Une convention cadre a été signée d'une part entre l'Etat, représenté par la Direction des Affaires Sanitaires et Sociales, et d'autre part le service mineurs et d'autres associations partenaires. Le travail s'articule à partir de la problématique des Mineurs Etrangers Isolés, victimes de trafics de toutes sortes, se prostituant ou tout simplement abandonnés par les adultes, les ayant laissé à leurs sorts, une fois arrivés en France. Le service mineur se veut être un sas entre la rue et une vie sociale.

1) Méthodes de travail.

Je vais montrer ce qui fait spécificité du «service mineur.» dans l'approche et la problématique des mineurs étrangers isolés.

Les jeunes sont reçus dans le service sans aucun mandat administratif ou judiciaire. Le service mineur a cette spécificité dans son approche de la problématique des mineurs étrangers isolés que d'une part, il part à la rencontre des mineurs dans la rue et sur les «lieux de travail» et que d'autre part, il reçoit ceux-ci dans le service pour un accueil et une mise à l'abri.

a) les maraudes.

Nous avons mis en place des tournées de rue, dans l'après midi et en soirée. Il s'agit de se rendre dans des squats et foyers de migrants, les boulevards périphériques, le «Bois de Boulogne» et de «Vincennes». « Le service mineurs » travaille aussi avec d'autres associations, partenaires ou non avec le dispositif. Certaines associations mènent des actions qui diffèrent des nôtres et nous contactent souvent lorsqu'il s'agit de mineurs. Ils nous sollicitent donc pour une évaluation avec ledit mineur, de sa situation. D'autres jeunes qui s'en sont sortis peuvent aussi communiquer notre numéro de portable de rue pour leurs compagnons en difficulté dans la rue. Parfois motivés par les premiers, ils peuvent mettre du temps avant de se décider à quitter la rue.

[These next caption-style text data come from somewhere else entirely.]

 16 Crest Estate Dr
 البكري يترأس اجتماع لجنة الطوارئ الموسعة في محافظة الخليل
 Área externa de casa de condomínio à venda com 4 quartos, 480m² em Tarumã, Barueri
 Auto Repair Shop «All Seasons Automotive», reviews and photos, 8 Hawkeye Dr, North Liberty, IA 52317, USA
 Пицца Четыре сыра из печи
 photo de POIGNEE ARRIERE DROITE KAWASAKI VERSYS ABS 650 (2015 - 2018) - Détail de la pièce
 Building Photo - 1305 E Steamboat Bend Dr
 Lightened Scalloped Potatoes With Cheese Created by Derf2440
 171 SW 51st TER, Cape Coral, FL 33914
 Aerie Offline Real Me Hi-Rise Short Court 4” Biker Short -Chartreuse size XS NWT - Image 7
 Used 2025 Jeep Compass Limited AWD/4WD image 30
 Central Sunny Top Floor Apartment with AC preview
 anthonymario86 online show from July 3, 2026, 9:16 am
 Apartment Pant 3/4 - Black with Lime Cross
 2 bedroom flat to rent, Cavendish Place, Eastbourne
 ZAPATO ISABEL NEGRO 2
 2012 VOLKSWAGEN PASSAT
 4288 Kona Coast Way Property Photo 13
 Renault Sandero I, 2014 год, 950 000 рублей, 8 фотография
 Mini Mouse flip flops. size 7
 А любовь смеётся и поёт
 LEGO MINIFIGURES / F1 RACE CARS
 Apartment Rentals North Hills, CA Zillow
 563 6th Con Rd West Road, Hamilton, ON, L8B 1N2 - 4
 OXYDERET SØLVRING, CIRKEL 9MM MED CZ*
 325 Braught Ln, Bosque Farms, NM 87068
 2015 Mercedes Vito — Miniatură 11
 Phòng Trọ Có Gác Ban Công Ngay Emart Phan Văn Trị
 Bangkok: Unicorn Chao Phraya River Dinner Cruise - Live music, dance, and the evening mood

O. est roumain. Arrivé en France par un passeur à qui sa famille aurait payé le voyage, il dit devoir travailler pour rembourser l'emprunt fait par sa famille. Quand nous allons à sa rencontre le soir, il n'est pas très bavard à la première rencontre. Il veut juste quelque chose à manger. C'est à la troisième rencontre qu'il nous expliquera «qu'il a 16 ans et qu'il veut «travailler» jusqu'à ses 17 ans et arrêter la rue». M. a dix-sept ans. Elle est nigériane. Elle serait arrivée en France avec une tante qui aurait promis à ses parents de «l'aider à réussir dans la vie». La famille aurait emprunté de l'argent pour financer le voyage. Arrivée en France, elle s'est retrouvée dans un réseau de prostitution. Elle nous explique : «J'ai envie d'arrêter ce que je fais pour aller à l'école. Mais si je ne paye pas les dettes de mes parents, ils seront tués.» Tels sont les quelques dilemmes auxquels sont souvent confrontés ces mineurs. Quand ils nous demandent comment nous pouvons les aider, nous leurs proposons un accueil dans le service pour les mettre à l'abri dans un premier temps.

b) l'accueil.

Au cours des premiers temps de l'accueil du mineur dans le service, il faut satisfaire à ses besoins les plus élémentaires : manger, prendre une douche, se changer, dormir ou se reposer.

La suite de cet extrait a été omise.